Acute intermittent hypoxia induces phrenic long-term facilitation which is modulated by 5-HT1A receptor in the caudal raphe region of the rat.

Obstructive sleep apnoea (OSA) is characterized by periods of upper airway collapse accompanied by repeated episodes of hypoxia. In experimental animals repeated bouts of hypoxia may evoke sustained augmentation of phrenic nerve activity, known as phrenic long-term facilitation (pLTF). This form of physiological compensation might contribute to stable breathing, minimizing the occurrence of apnoeas and/or hypopnoeas during sleep in patients with OSA. Serotonin (5-HT) has been shown to modulate respiratory neuronal activity, possibly via projections originating in the raphe nuclei.
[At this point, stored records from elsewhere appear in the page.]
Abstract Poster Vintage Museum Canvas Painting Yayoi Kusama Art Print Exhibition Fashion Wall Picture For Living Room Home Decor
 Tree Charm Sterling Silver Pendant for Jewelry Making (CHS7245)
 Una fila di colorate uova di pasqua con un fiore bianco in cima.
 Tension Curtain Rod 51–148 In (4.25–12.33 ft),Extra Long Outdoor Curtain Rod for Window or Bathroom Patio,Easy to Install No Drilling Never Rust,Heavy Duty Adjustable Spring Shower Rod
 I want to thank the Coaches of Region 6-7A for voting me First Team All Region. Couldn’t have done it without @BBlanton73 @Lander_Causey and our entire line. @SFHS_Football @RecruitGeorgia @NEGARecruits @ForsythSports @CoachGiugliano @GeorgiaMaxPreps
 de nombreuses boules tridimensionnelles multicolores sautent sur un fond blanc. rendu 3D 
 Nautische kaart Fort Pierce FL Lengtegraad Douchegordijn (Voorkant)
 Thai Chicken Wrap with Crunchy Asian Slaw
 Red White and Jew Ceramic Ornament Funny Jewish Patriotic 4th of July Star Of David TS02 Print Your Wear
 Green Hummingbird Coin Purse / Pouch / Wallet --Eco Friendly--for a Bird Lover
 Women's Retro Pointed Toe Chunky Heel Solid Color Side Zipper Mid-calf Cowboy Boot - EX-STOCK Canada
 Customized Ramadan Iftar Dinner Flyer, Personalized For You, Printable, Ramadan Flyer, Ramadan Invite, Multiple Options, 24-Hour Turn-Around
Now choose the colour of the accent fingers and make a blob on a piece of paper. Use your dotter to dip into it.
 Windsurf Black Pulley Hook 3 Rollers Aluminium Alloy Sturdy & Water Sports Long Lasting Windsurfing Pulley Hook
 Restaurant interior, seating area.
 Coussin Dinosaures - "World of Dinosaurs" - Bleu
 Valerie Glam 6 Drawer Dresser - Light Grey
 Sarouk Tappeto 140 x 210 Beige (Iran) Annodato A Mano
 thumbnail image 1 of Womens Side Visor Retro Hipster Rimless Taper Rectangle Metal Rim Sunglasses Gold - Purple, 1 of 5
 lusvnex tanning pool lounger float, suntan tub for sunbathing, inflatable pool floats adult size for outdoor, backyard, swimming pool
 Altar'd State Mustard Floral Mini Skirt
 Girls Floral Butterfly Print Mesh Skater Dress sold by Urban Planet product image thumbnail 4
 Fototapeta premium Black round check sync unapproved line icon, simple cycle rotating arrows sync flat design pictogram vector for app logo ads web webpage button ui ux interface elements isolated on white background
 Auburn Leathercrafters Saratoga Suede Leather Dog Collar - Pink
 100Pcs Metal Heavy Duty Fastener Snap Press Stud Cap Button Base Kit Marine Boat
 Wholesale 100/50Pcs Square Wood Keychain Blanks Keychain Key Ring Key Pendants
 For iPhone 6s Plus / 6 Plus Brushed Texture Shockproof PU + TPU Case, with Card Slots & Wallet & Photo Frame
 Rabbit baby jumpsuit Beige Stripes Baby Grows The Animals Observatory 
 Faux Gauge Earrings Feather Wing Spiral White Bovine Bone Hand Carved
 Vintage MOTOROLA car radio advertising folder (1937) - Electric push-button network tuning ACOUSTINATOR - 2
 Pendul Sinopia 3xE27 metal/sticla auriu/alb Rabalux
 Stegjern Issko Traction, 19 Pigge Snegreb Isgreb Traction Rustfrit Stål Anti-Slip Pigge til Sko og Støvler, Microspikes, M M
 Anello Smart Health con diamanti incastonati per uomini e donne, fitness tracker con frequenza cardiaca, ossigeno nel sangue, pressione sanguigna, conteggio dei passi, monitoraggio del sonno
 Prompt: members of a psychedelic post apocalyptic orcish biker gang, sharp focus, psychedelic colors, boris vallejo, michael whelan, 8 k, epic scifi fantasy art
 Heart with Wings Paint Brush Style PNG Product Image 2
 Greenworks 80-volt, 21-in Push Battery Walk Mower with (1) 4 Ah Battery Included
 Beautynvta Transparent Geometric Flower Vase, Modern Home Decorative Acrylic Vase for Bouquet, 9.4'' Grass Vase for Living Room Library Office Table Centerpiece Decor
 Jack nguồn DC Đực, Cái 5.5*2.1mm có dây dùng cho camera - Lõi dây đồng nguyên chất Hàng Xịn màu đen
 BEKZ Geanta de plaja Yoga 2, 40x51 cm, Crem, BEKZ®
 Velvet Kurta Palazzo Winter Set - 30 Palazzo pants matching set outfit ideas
Our model focuses on the effects of 5-HT1A receptors blockade by selective antagonist WAY-100635 into the caudal raphe region on phrenic long-term facilitation after exposure to acute intermittent hypoxia (AIH) episodes. Adult, male, urethane-anaesthetized, vagotomized, paralyzed and mechanically ventilated Sprague-Dawley rats were exposed to AIH protocol. Experimental group received microinjection of WAY-100635 into the caudal raphe nucleus, whereas the control group received saline into the same site. Peak phrenic nerve activity and respiratory rhythm parameters were analysed during five hypoxic episodes, as well as at 15, 30 and 60 min after the end of hypoxias. In the control group, 1 h post-hypoxia pLTF was developed. Microinjections of selective 5-HT1A receptor antagonist WAY-100635 into the raphe nuclei prior to the AIH protocol prevented induction of pLTF. These results suggest that 5-HT1A receptor activation at supraspinal level is important for induction of pLTF, which is suggested to be an important respiratory neuroplasticity model in animal studies that possibly correlates with OSA in humans.